Aim of the exercise: Pictures stay out; everything else in the listing below is to be restated word for word.

Raw data:
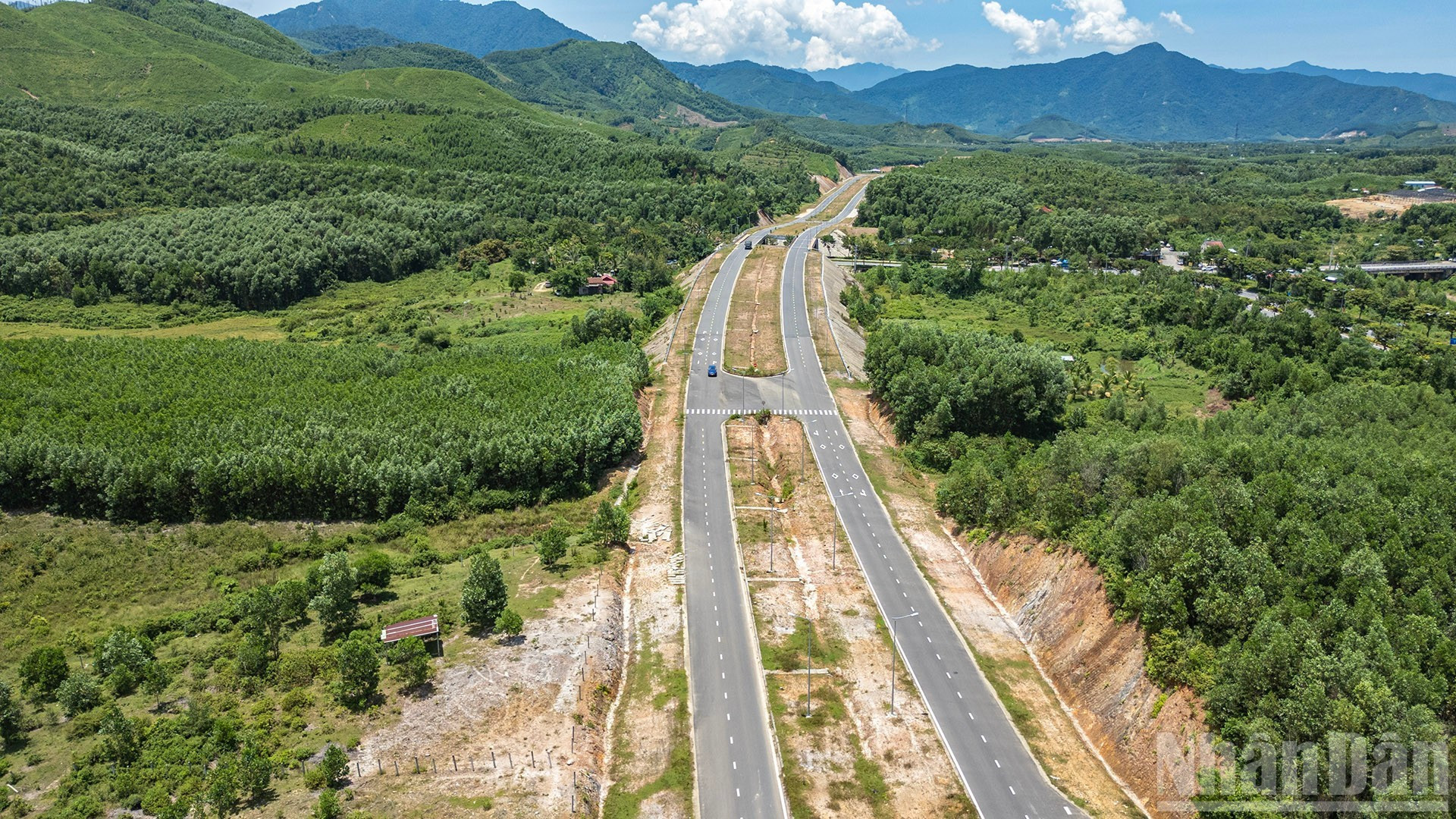La Carretera Nacional 14B, en el tramo de Da Nang, se ha renovado y ampliado a cuatro carriles.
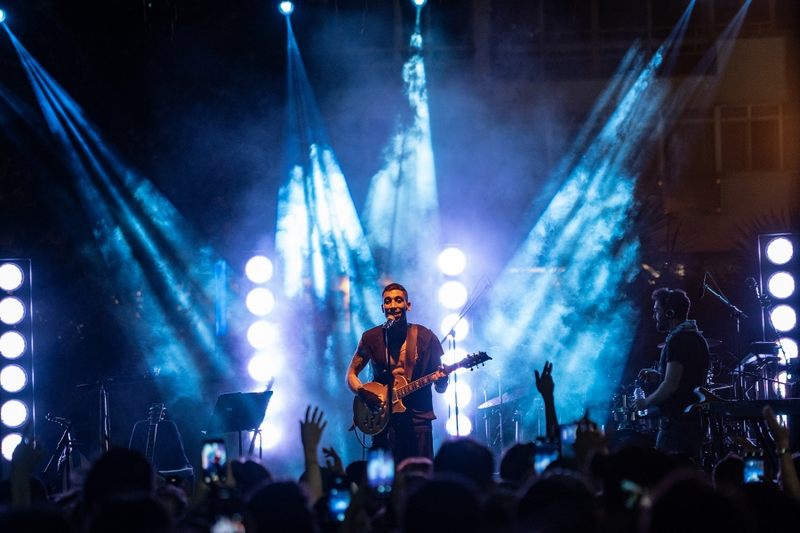 CAN BONOMO SEVİLEN ŞARKILARIYLA   İSTANBUL CEVAHİR’İ SALLADI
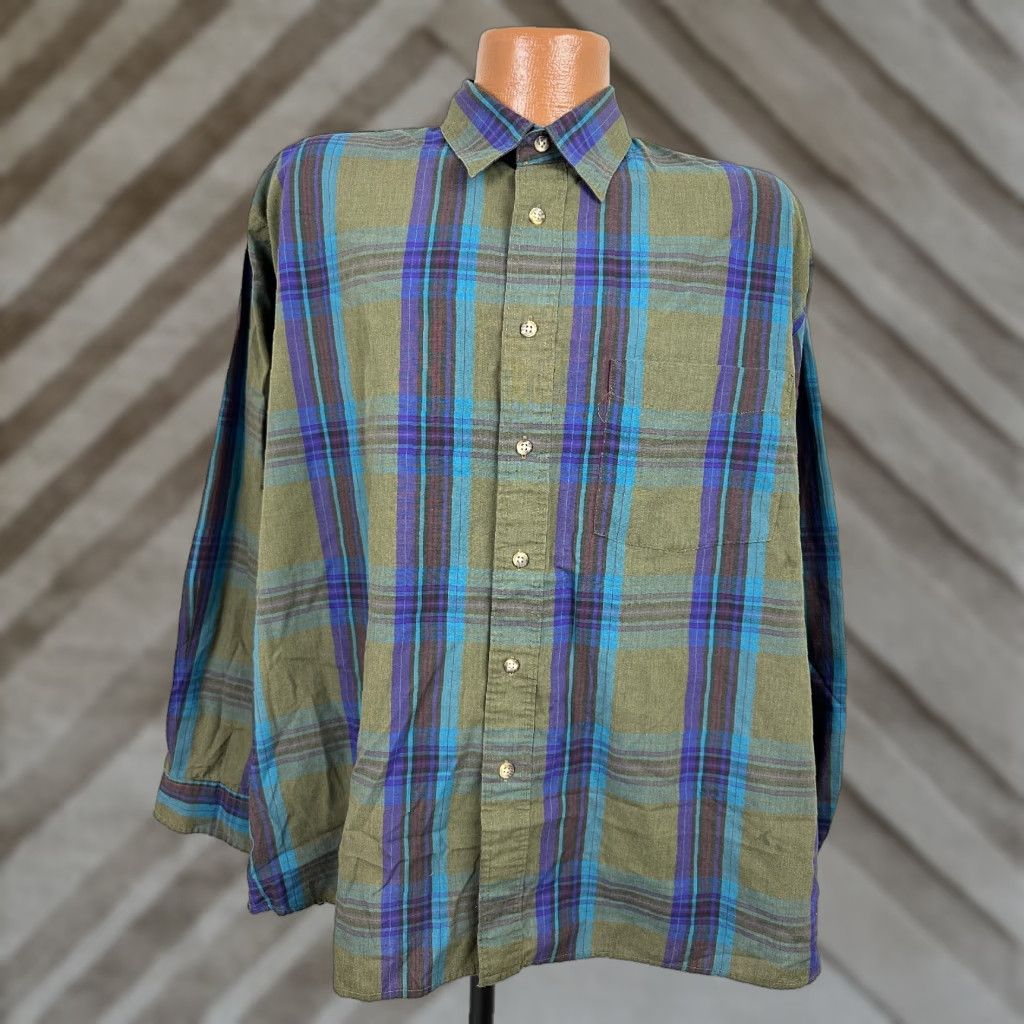 Van Heusen VINTAGE Van Heusen Shirt Men XL Olive Plaid 90s Casual Lightweight Button-Down Collar-Down Size US XL / EU 56 / 4 - 1 Thumbnail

Response to the task:
La Carretera Nacional 14B, en el tramo de Da Nang, se ha renovado y ampliado a cuatro carriles.
 CAN BONOMO SEVİLEN ŞARKILARIYLA   İSTANBUL CEVAHİR’İ SALLADI
 Van Heusen VINTAGE Van Heusen Shirt Men XL Olive Plaid 90s Casual Lightweight Button-Down Collar-Down Size US XL / EU 56 / 4 - 1 Thumbnail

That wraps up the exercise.